> _Work task_: Please transcribe the entries exactly and omit the images they contain.

::: Listed entries :::

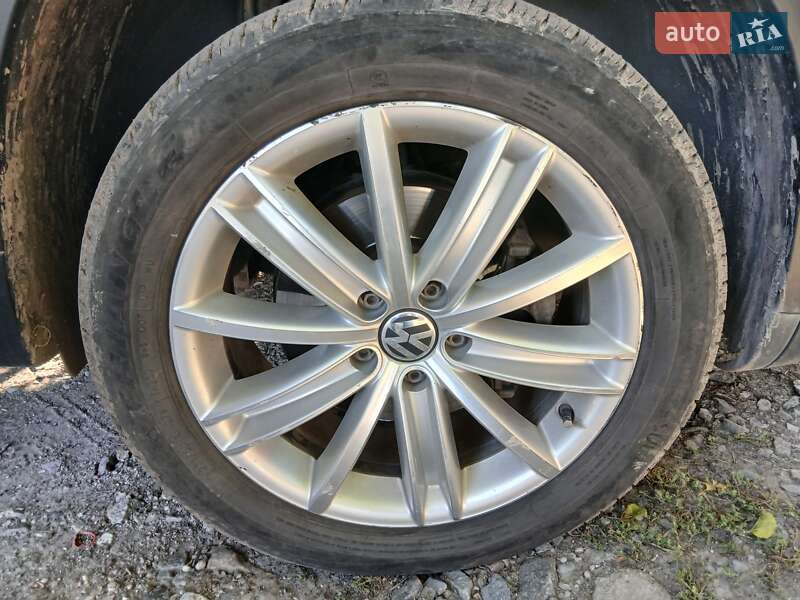 Внедорожник / Кроссовер Volkswagen Tiguan 2014 в Павлограде фото 125 Внедорожник / Кроссовер Volkswagen Tiguan 2014 в Павлограде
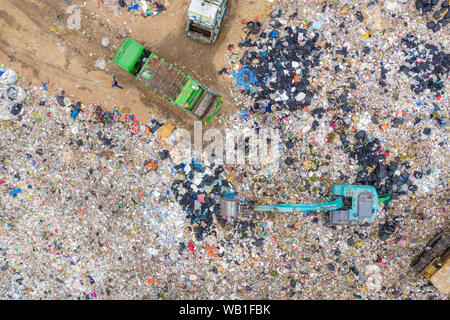 Müll oder Abfälle auf die Berge oder auf Deponien, Luftaufnahme Müllabfuhr Abfall auf einer Deponie entladen. Kunststoff Verschmutzung Krise. Stockfoto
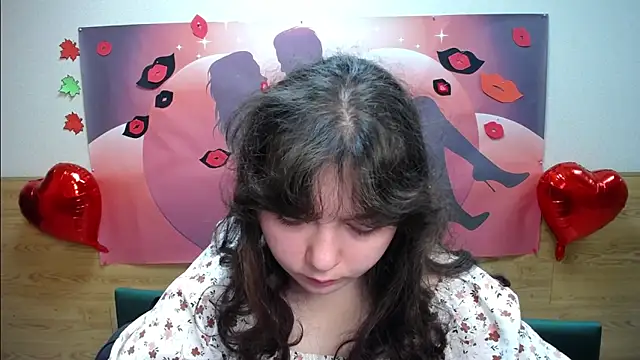 Snapshot of NeonilaLisova chatting on 10/07/25, 11:18 NeonilaLisova online show from 10/07/25, 11:18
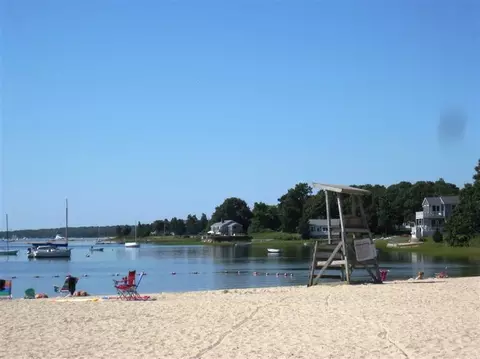 38 Hope Ave, Pocasset, MA 02559 photo 1
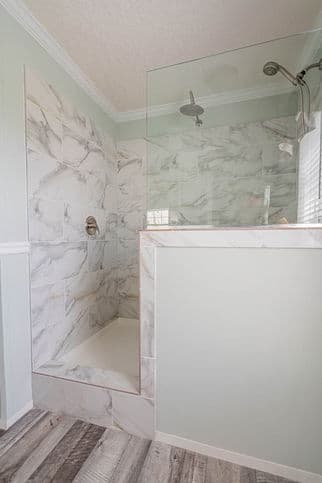 Camron 28563f bathroom home features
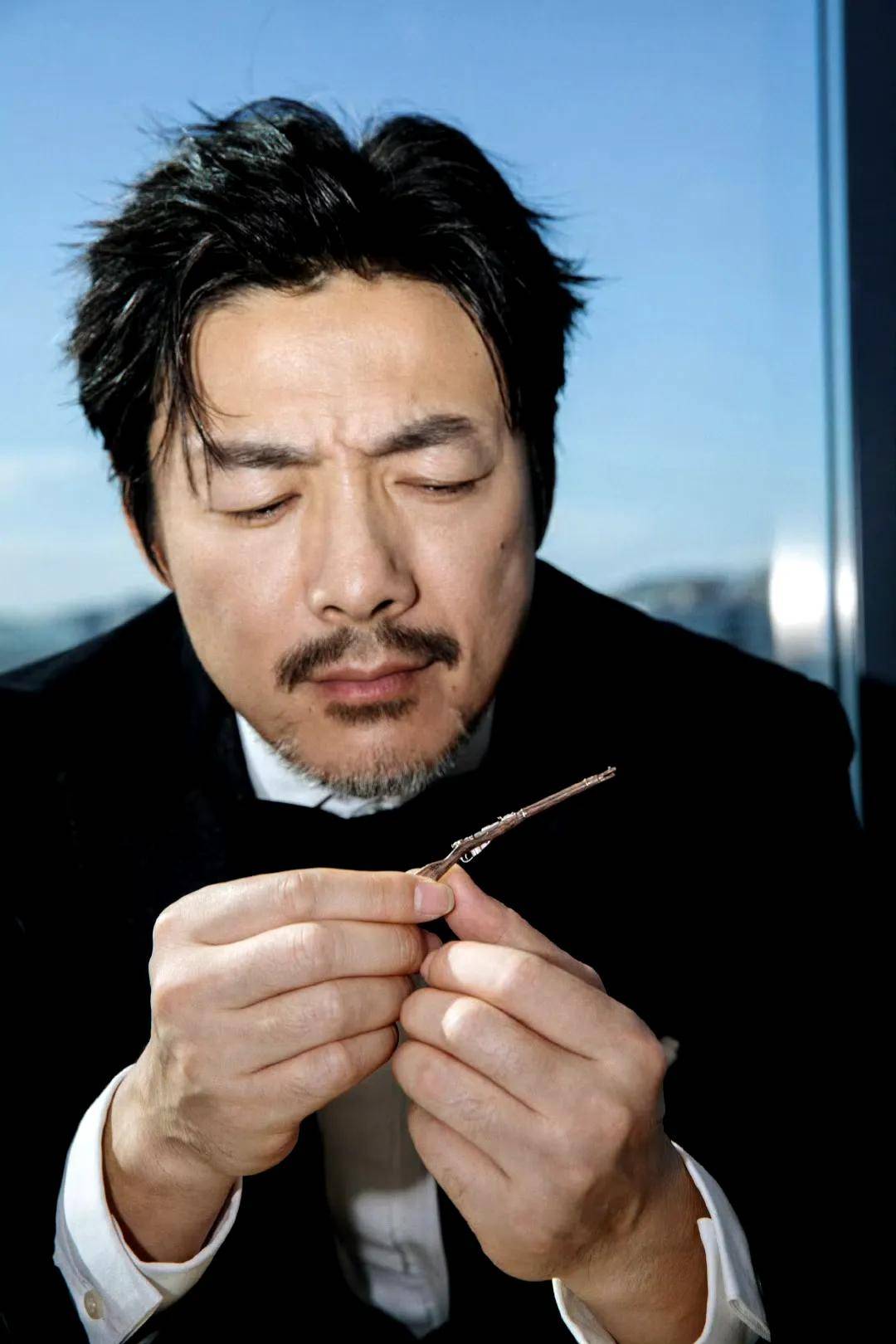 事实证明,49岁"低调成瘾"的祖峰,已经走上了另外一条人生大道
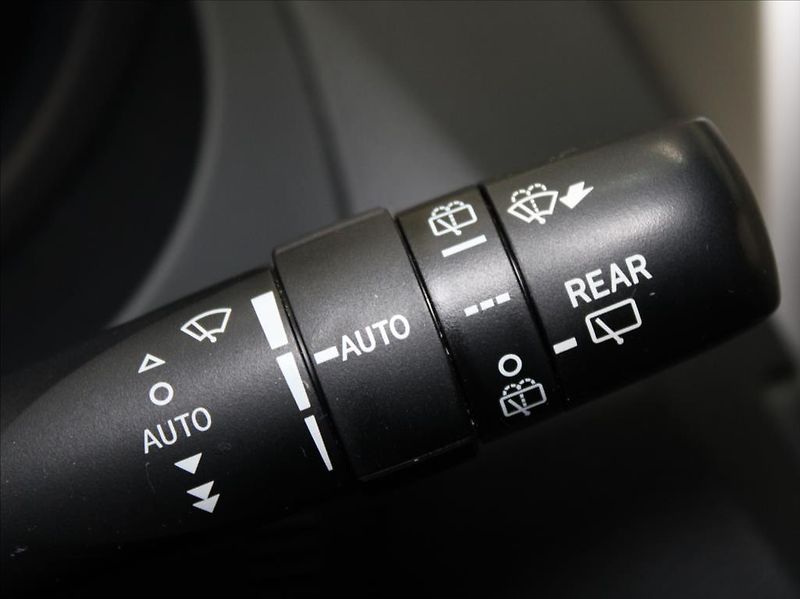 Toyota Land Cruiser 3,0 D-4D Anniversary 120tkm.ČR - fotka 16 z 22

:::

> _Answer section_:
 Внедорожник / Кроссовер Volkswagen Tiguan 2014 в Павлограде фото 125 Внедорожник / Кроссовер Volkswagen Tiguan 2014 в Павлограде
 Müll oder Abfälle auf die Berge oder auf Deponien, Luftaufnahme Müllabfuhr Abfall auf einer Deponie entladen. Kunststoff Verschmutzung Krise. Stockfoto
 Snapshot of NeonilaLisova chatting on 10/07/25, 11:18 NeonilaLisova online show from 10/07/25, 11:18
 38 Hope Ave, Pocasset, MA 02559 photo 1
 Camron 28563f bathroom home features
 事实证明,49岁"低调成瘾"的祖峰,已经走上了另外一条人生大道
 Toyota Land Cruiser 3,0 D-4D Anniversary 120tkm.ČR - fotka 16 z 22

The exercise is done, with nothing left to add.